Please return exactly the lines from the one containing "Vintage Egypt Hieroglyphic" through the end of the records, including both.
────────────────────────────────────────
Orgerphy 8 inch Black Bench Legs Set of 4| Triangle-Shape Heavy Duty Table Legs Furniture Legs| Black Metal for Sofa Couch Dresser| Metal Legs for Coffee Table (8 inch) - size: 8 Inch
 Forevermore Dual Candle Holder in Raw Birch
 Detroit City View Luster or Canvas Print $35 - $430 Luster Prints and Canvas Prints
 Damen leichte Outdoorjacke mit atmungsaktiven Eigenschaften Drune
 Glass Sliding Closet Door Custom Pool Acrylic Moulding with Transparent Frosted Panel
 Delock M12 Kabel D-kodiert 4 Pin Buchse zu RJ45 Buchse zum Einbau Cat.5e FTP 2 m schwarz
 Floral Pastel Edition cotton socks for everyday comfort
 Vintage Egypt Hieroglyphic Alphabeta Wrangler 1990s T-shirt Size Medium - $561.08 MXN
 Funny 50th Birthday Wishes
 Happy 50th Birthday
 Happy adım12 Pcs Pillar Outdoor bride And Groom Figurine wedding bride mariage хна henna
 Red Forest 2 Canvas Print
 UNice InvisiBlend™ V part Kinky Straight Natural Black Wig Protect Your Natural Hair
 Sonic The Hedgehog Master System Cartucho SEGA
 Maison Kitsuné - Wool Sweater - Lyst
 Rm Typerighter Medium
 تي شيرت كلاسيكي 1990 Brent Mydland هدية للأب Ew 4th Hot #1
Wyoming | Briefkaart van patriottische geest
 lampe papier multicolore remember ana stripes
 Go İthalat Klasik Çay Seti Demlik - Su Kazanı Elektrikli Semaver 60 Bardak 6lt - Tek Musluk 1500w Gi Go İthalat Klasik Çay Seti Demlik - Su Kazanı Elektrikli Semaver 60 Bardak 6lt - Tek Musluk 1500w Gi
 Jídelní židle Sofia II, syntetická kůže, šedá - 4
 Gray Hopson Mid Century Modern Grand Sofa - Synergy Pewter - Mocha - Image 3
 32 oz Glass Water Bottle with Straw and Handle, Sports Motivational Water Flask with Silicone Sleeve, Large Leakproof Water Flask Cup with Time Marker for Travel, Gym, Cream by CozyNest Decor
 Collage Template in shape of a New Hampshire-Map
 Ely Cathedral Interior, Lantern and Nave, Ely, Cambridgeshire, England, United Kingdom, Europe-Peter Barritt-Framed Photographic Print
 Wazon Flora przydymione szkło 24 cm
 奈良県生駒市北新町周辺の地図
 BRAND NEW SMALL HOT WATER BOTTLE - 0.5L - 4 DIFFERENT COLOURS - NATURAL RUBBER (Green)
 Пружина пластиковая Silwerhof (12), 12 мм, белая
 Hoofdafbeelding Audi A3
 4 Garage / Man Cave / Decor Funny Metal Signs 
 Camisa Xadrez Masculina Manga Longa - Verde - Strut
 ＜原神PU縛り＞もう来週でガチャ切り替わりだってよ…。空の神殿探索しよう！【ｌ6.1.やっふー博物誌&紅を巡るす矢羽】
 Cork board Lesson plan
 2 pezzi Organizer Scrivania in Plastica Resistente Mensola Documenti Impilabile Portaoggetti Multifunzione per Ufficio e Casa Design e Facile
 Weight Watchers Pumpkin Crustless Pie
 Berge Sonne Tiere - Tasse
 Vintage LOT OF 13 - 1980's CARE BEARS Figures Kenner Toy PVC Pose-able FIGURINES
────────────────────────────────────────
[YOUR RESPONSE]
 Vintage Egypt Hieroglyphic Alphabeta Wrangler 1990s T-shirt Size Medium - $561.08 MXN
 Funny 50th Birthday Wishes
 Happy 50th Birthday
 Happy adım12 Pcs Pillar Outdoor bride And Groom Figurine wedding bride mariage хна henna
 Red Forest 2 Canvas Print
 UNice InvisiBlend™ V part Kinky Straight Natural Black Wig Protect Your Natural Hair
 Sonic The Hedgehog Master System Cartucho SEGA
 Maison Kitsuné - Wool Sweater - Lyst
 Rm Typerighter Medium
 تي شيرت كلاسيكي 1990 Brent Mydland هدية للأب Ew 4th Hot #1
Wyoming | Briefkaart van patriottische geest
 lampe papier multicolore remember ana stripes
 Go İthalat Klasik Çay Seti Demlik - Su Kazanı Elektrikli Semaver 60 Bardak 6lt - Tek Musluk 1500w Gi Go İthalat Klasik Çay Seti Demlik - Su Kazanı Elektrikli Semaver 60 Bardak 6lt - Tek Musluk 1500w Gi
 Jídelní židle Sofia II, syntetická kůže, šedá - 4
 Gray Hopson Mid Century Modern Grand Sofa - Synergy Pewter - Mocha - Image 3
 32 oz Glass Water Bottle with Straw and Handle, Sports Motivational Water Flask with Silicone Sleeve, Large Leakproof Water Flask Cup with Time Marker for Travel, Gym, Cream by CozyNest Decor
 Collage Template in shape of a New Hampshire-Map
 Ely Cathedral Interior, Lantern and Nave, Ely, Cambridgeshire, England, United Kingdom, Europe-Peter Barritt-Framed Photographic Print
 Wazon Flora przydymione szkło 24 cm
 奈良県生駒市北新町周辺の地図
 BRAND NEW SMALL HOT WATER BOTTLE - 0.5L - 4 DIFFERENT COLOURS - NATURAL RUBBER (Green)
 Пружина пластиковая Silwerhof (12), 12 мм, белая
 Hoofdafbeelding Audi A3
 4 Garage / Man Cave / Decor Funny Metal Signs 
 Camisa Xadrez Masculina Manga Longa - Verde - Strut
 ＜原神PU縛り＞もう来週でガチャ切り替わりだってよ…。空の神殿探索しよう！【ｌ6.1.やっふー博物誌&紅を巡るす矢羽】
 Cork board Lesson plan
 2 pezzi Organizer Scrivania in Plastica Resistente Mensola Documenti Impilabile Portaoggetti Multifunzione per Ufficio e Casa Design e Facile
 Weight Watchers Pumpkin Crustless Pie
 Berge Sonne Tiere - Tasse
 Vintage LOT OF 13 - 1980's CARE BEARS Figures Kenner Toy PVC Pose-able FIGURINES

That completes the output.